De volgende dag, bij Bram aan tafel, gaf Tim zwetend toe dat hij een behoorlijke inschattingsfout had gemaakt. Bram was ontstemd. Voor hem was het allemaal duidelijk. “De leidinggevenden hebben zelf een voorbeeldfunctie in deze koersverandering. Die koersverandering kwalificeer ik als een organisatorische zaak, niet een communicatieprobleem. Communicatie ondersteunt de organisatie.” Voor het tweede en derde échelon is de boodschap niet makkelijk, dat begreep hij ook wel. “Middenmanagement zit per definitie in de squeeze tussen wat zij ‘van hogerhand’ moeten doorgeven, en wat ‘de werkvloer’ daarvan vindt. Maar dat is nu eenmaal hun rol.”
Ondersteuning
In overleg met Tim - en om de schade te beperken - besloot Bram zelf een bezoek te brengen aan het betreffende bankkantoor. En in de weken daarna bezocht hij de andere kantoren ook allemaal, om geen scheve gezichten te krijgen. Overigens werkte die aandacht van Bram uitstekend. Het begrip en het commitment van het middenmanagement voor de koersverandering groeide. En daarmee bij de bankmedewerkers, al bleef men wel ongerust over de personele gevolgen.
Binnen zijn eigen team vertelde Tim intussen wat hem was overkomen en welke les hij had geleerd. De hoofdlijnen van het communicatieplan waren wel goed ontvangen, maar Tim had het zelf niet goed aangepakt. Hij legde uit: “Wij zijn als communicatieprofessionals zijn niet de eigenaar van het organisatievraagstuk. Wij ondersteunen en denken mee met de eigenaar van de verandering. Misschien zorgen we zelfs dat diens interventies gaan werken, doordat we helpen bij de uitvoering. Maar het management moet de interventies zelf uitvoeren. Zij zijn verantwoordelijk en nog mooier is als ze zelf het nieuw gedrag vertonen.”

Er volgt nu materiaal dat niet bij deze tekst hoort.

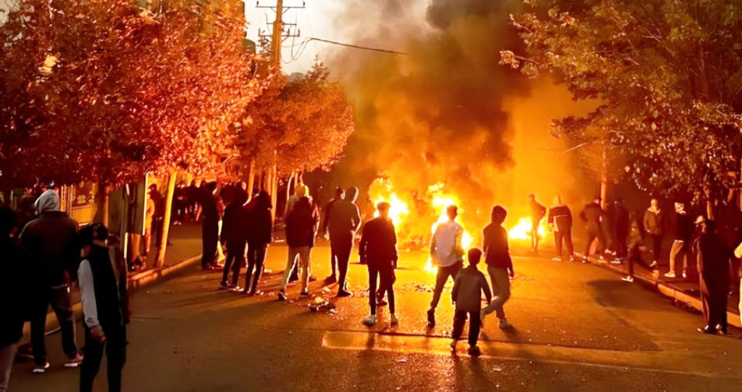 واشنطن تُدين وتُسمّي الأشياء بأسمائها: اقتحام مستشفى إيلام جريمة ضد الإنسانية وصمود الإيرانيين صرخة عدالة لا تُقمع في موقف أمريكي حازم يعكس تصاعد القلق الدولي، أصدرت وزارة الخارجية الأمريكية، يوم الاثنين 5 يناير، بيانين شديدي اللهجة أدانت فيهما القمع المتواصل في إيران، ووصفت الهجوم الذي نفذته قوات النظام على مستشفى في مدينة إيلام بأنه «جريمة واضحة ضد الإنسانية»، مؤكدة في الوقت ذاته أن شجاعة الإيرانيين في اليوم التاسع من الانتفاضة الوطنية تمثل «صرخة قوية من أجل العدالة والحرية».
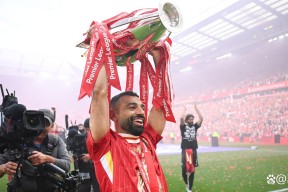 南宫体育-利物浦前途光明！，萨拉赫新星比赛局势复杂表现突出气势如虹延续(萨拉赫利物浦号码)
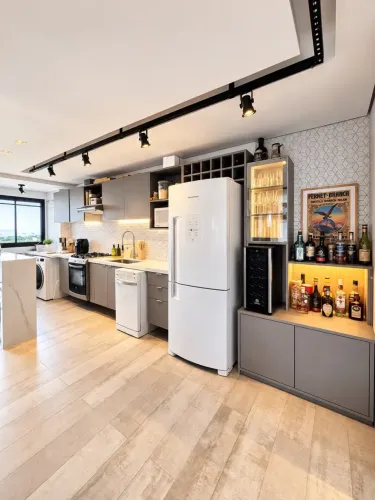 Apartamento de 62 m² com suíte, escritório e living ampliado no Novo Mundo, planta para 2 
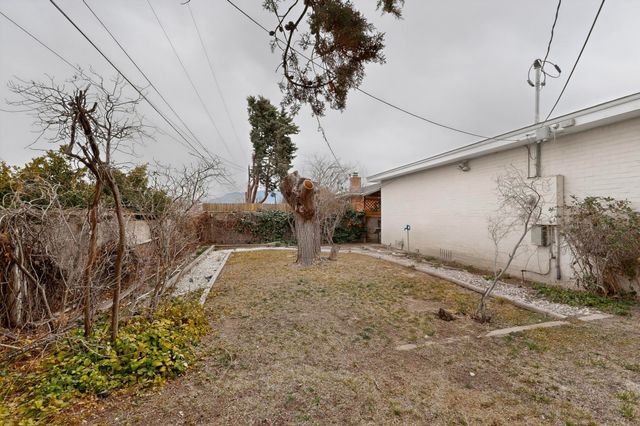2407 Ada Place NE, Albuquerque, NM 87106
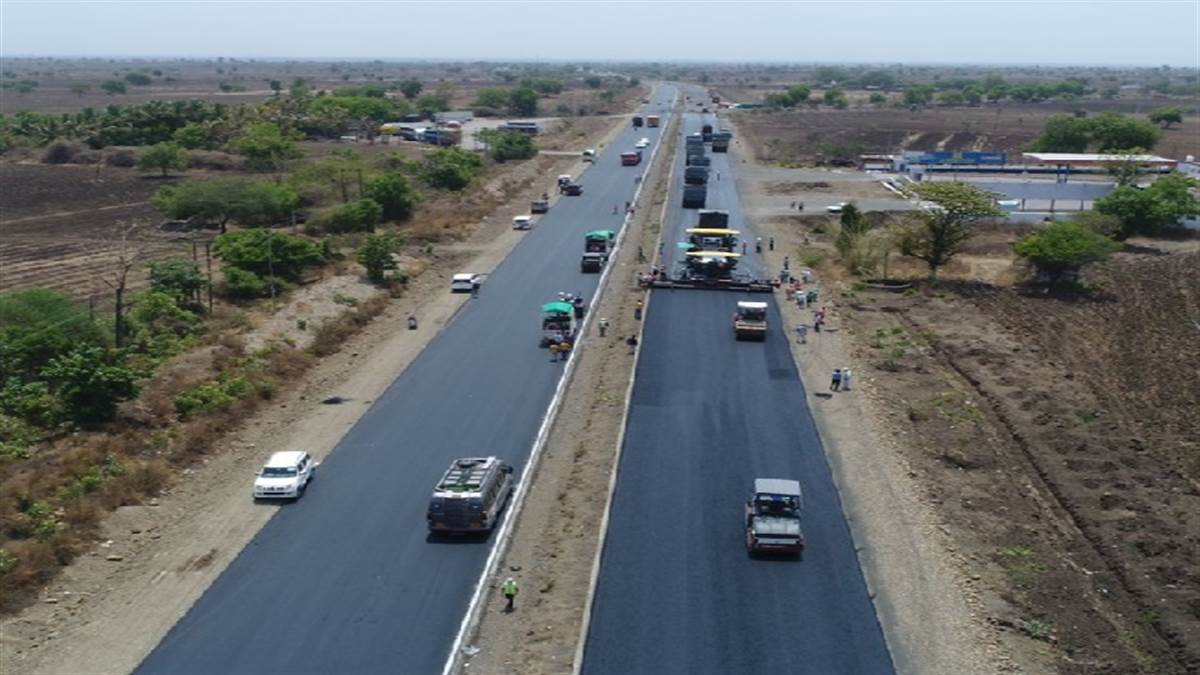 NHAI ने 105 घंटे में बना दी 75 KM लंबी सड़क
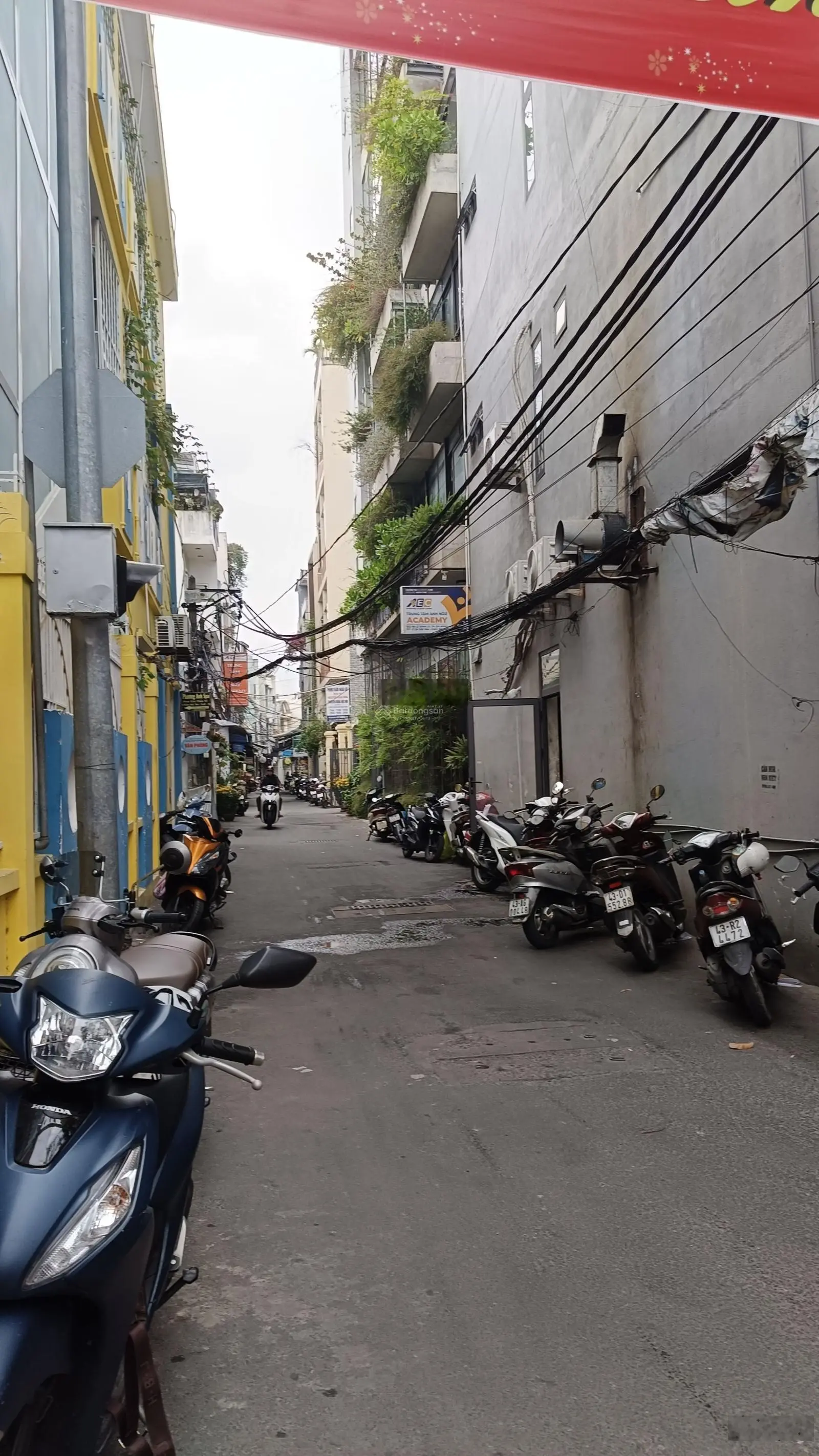 Sụp hầm nhà 3 tầng mới xây thiết kế hiện đạicách sân bay 500 đường Lê Đình Lý TT Hải Châu Đà Nẵng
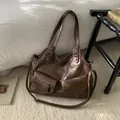 Dark brown retro tote bag in soft leather with pockets and adjustable strap - Brown No Pendant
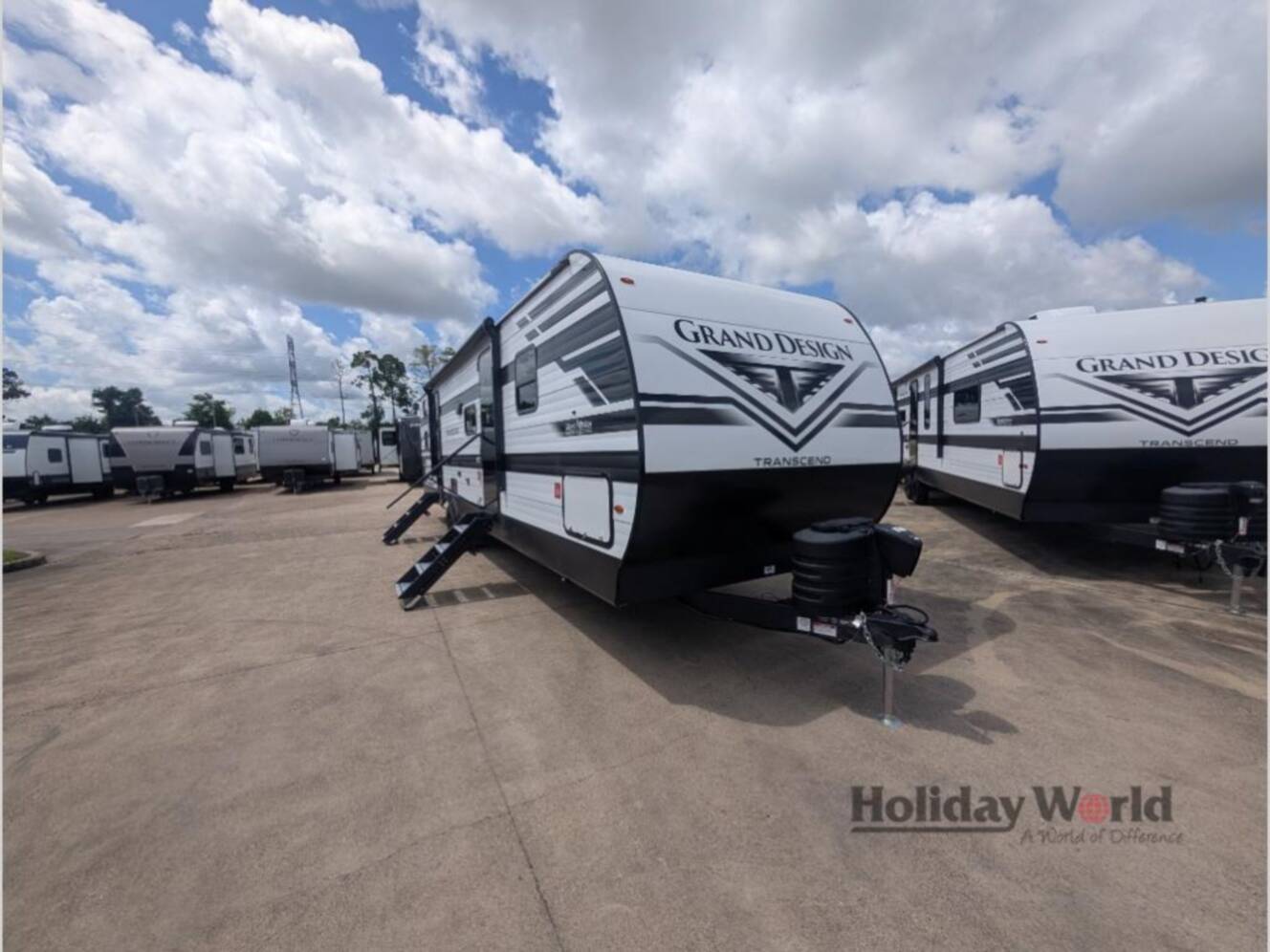 A photo of this 2027 Grand Design Transcend 325BHT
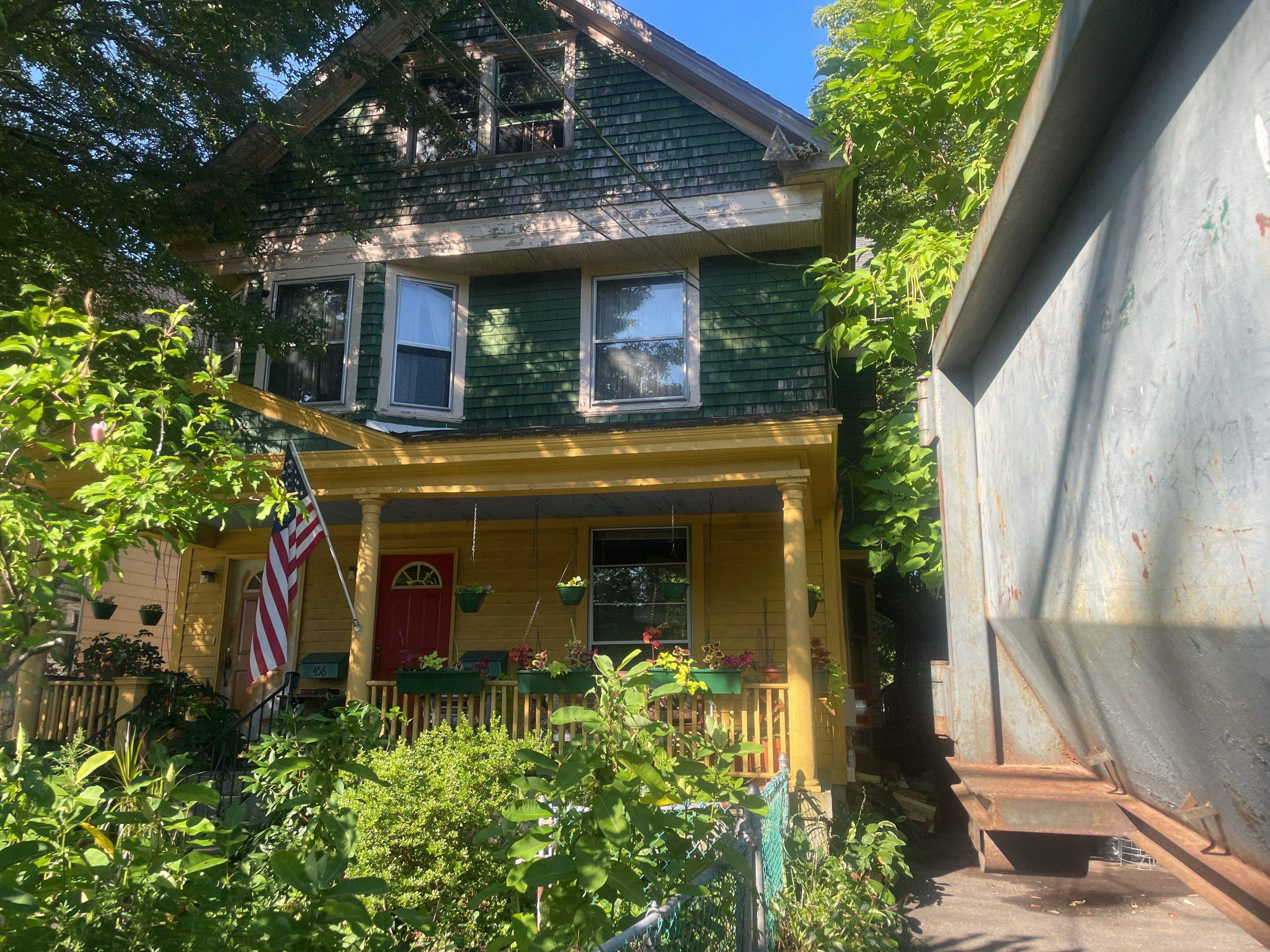 Deck Installation using EPDM substrate by A Plus Exterior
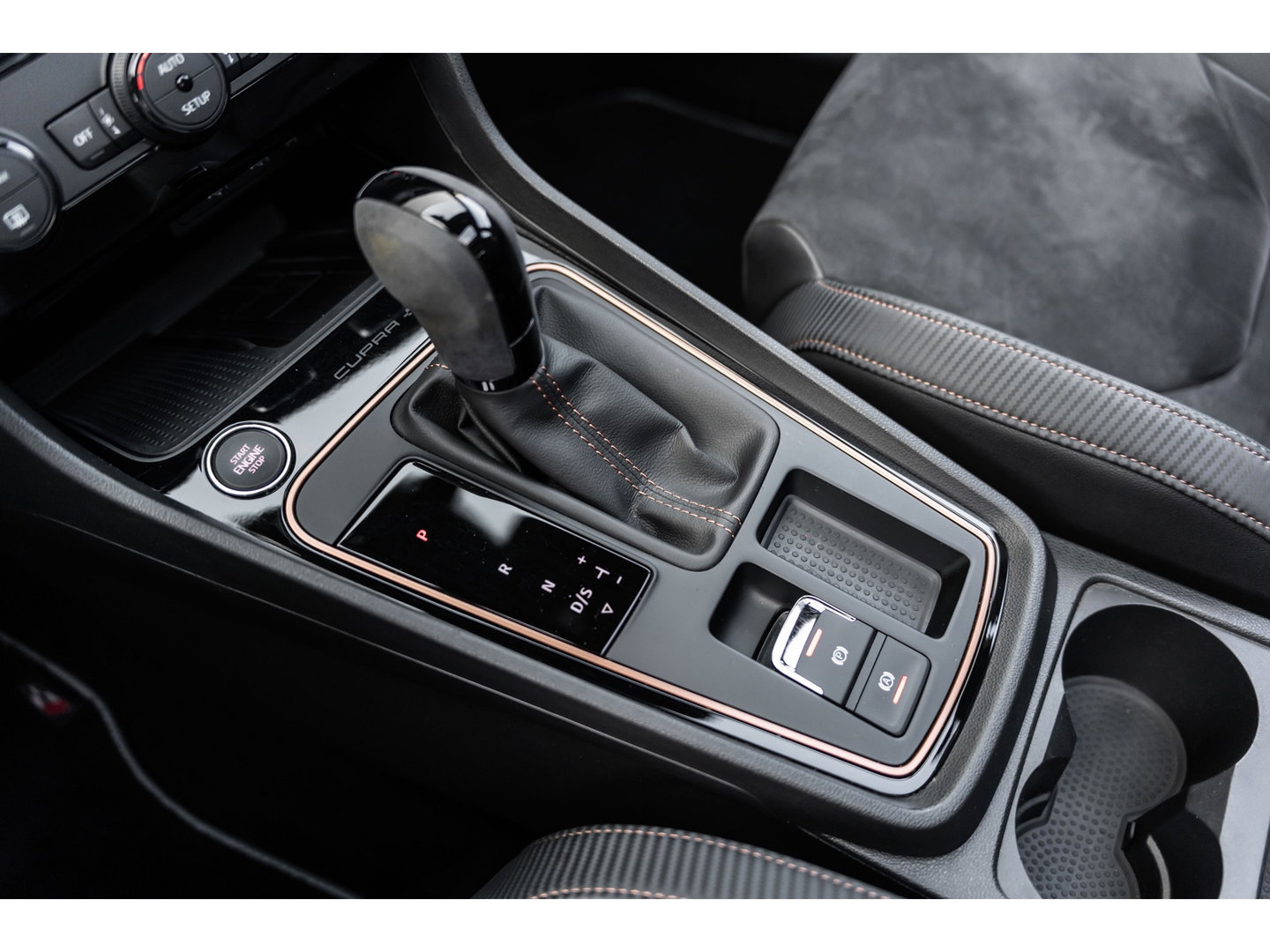 SEAT Leon ST 2.0 TSI CUPRA R 4DRIVE PANO CARBON BREMBO BEATS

Het team bedacht nu hoe ze de managers en teamleiders het beste konden ondersteunen in deze lastige tijd. Vanaf nu zouden ze ‘de lijn’ adviseren hun eigen dilemma’s te bespreken in hun teams en de onzekerheden concreet te maken. En ook: hun medewerkers te vragen hoe zij het beste zelf kunnen aansluiten op de nieuwe duurzame en efficiënte, digitale strategie. Zodat er een dialoog zou kunnen ontstaan over wat hen bezig hield en waar ze behoefte aan zouden hebben.
Ook al heb je als middenmanager nog niet voor alles een bevredigend antwoord, je medewerkers laten meedenken en -doen helpt bij de acceptatie van de verandering. En hopelijk zelfs tot vertrouwen op zelfsturing in de toekomst. Die aanpak zou trouwens binnen Tim zijn eigen communicatieteam ook prima werken…
Herkenbaar? Het is mijn bedoeling om de lezer uit te dagen en te reflecteren op zijn/haar eigen praktijk. Reacties zijn dan ook zeer welkom!
Disclaimer
De verhalen die ik schrijf zijn fictieve verhalen. Ze zijn het product van mijn belevenissen én mijn fantasie. Namen, karakters, plaatsen, bedrijven, gebeurtenissen, ze zijn door mij op een fictieve manier gebruikt. Elke overeenkomst die je denkt te zien met bestaande personen, plaatsen, bedrijven en gebeurtenissen is dus puur toeval.